Canzona |
Music Terms

Canzona |

Dictionary categories
terms and concepts, musical genres

ital. canzone, canzona, from lat. cantio – singing, song; French chanson, spanish cancion, germ. Kanzone

Originally the name of the lyric variety. poems, which originated in Provence and became widespread in Italy in the 13th-17th centuries. Poetic. K. had strophic. structure and usually consisted of 5-7 stanzas. From its inception, it was closely associated with music, which emphasized its strophic. structure. K., composed by prominent Italian. poets, led by Petrarch, also received music. incarnation, usually for several. votes. With music. such K. sides approach frottola. In the 16th century There are also popular Italian forms of K., related to villanelle; these include the varieties canzoni alla napoletana and canzoni villanesche.

In the 16-17 centuries. in Italy appear and instr. K. – for keyboard instruments, for instr. ensemble. At first, these were more or less free arrangements of French chansons, then original compositions in the style of such arrangements.

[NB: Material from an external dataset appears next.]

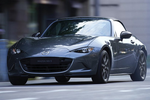 Mazda MX-5 Miata 2021 từ 26.380 USD, nâng cấp những gì?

Usually they were a sequence of sections of imitations. warehouse on related to the main theme or new themes (often designated as “Allegro”) with sections of a homophonic warehouse wedged between them (often designated as “Adagio”). Franz. wok. K. and their processing were called canzon (alla) francese in Italy, in contrast to Italian. wok. K. – canzona da sonar. K. were often published in tablature, scores, voices; the latter allowed the possibility of performance by the ensemble and (after appropriate processing) on ​​the organ. Among the Italian the authors of the canzones are M. A. Cavazzoni, who own the earliest examples of instr. K. (Recerchari, motetti, canzoni, Venice, 1523), A. Gabrieli, C. Merulo, A. Banchieri, J. D. Ronconi, J. Frescobaldi. Frescobaldi often used a fugue presentation in his K., introduced K. for a solo instrument accompanied by a general bass. Through his students I. Ya. Froberger and I. K. Kerl, K. penetrated into Germany, where works in this genre were written, among others, by D. Buxtehude and J. S. Bach (BWV 588). OK. 1600 in K. for the ensemble, multi-choir becomes increasingly important, which creates the prerequisites for the appearance of the concerto grosso. K. for keyboard instruments in the 17th century. became close to richercar, fantasy and capriccio and gradually turned into a fugue; K.’s development for a solo instrument accompanied by a general bass led to the emergence of the sonata. From con. 18th century name K. goes out of use; in the 19th century it is sometimes used as a designation for a wok. and instr. lyric pieces (K. “Voi che sapete” from W. A. ​​Mozart’s opera “The Marriage of Figaro”, slow part of the 4th symphony by P. I. Tchaikovsky (in modo di canzone)).

References: Protopopov Vl., Richerkar and canzona in the 2th-1972th centuries and their evolution, in: Questions of musical form, no. XNUMX, M., XNUMX.